**WORK REQUIRED:**
The lines to reproduce run from the first one below to the line containing "vidaXL Decor* Pallet", both included. Reproduce them exactly and nothing else.

[Source data]
════════════════

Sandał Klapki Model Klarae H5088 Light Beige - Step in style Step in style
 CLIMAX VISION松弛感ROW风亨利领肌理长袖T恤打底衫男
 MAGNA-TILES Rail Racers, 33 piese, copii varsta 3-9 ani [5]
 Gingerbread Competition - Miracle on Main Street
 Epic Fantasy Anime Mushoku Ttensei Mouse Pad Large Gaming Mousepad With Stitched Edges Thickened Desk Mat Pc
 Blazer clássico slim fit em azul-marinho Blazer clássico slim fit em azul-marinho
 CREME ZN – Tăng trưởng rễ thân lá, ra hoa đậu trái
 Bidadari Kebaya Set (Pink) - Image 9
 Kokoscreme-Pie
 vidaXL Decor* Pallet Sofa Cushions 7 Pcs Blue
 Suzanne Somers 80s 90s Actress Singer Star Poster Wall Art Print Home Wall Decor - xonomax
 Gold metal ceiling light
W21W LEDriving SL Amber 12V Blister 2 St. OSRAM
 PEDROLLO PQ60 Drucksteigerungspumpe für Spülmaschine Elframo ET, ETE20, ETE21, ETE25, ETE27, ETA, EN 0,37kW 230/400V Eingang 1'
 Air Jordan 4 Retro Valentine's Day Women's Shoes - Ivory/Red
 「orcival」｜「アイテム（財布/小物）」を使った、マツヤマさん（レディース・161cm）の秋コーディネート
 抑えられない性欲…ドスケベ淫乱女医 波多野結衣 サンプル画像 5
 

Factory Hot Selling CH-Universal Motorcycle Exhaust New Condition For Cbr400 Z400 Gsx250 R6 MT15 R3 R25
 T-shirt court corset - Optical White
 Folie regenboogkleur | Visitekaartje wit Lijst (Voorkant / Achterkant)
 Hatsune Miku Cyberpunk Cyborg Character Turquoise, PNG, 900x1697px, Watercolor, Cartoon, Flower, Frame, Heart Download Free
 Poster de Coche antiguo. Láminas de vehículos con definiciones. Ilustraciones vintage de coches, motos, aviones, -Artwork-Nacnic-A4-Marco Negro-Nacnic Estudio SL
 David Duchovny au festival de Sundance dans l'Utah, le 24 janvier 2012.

════════════════

**OUTPUT FOR THIS EXERCISE:**
Sandał Klapki Model Klarae H5088 Light Beige - Step in style Step in style
 CLIMAX VISION松弛感ROW风亨利领肌理长袖T恤打底衫男
 MAGNA-TILES Rail Racers, 33 piese, copii varsta 3-9 ani [5]
 Gingerbread Competition - Miracle on Main Street
 Epic Fantasy Anime Mushoku Ttensei Mouse Pad Large Gaming Mousepad With Stitched Edges Thickened Desk Mat Pc
 Blazer clássico slim fit em azul-marinho Blazer clássico slim fit em azul-marinho
 CREME ZN – Tăng trưởng rễ thân lá, ra hoa đậu trái
 Bidadari Kebaya Set (Pink) - Image 9
 Kokoscreme-Pie
 vidaXL Decor* Pallet Sofa Cushions 7 Pcs Blue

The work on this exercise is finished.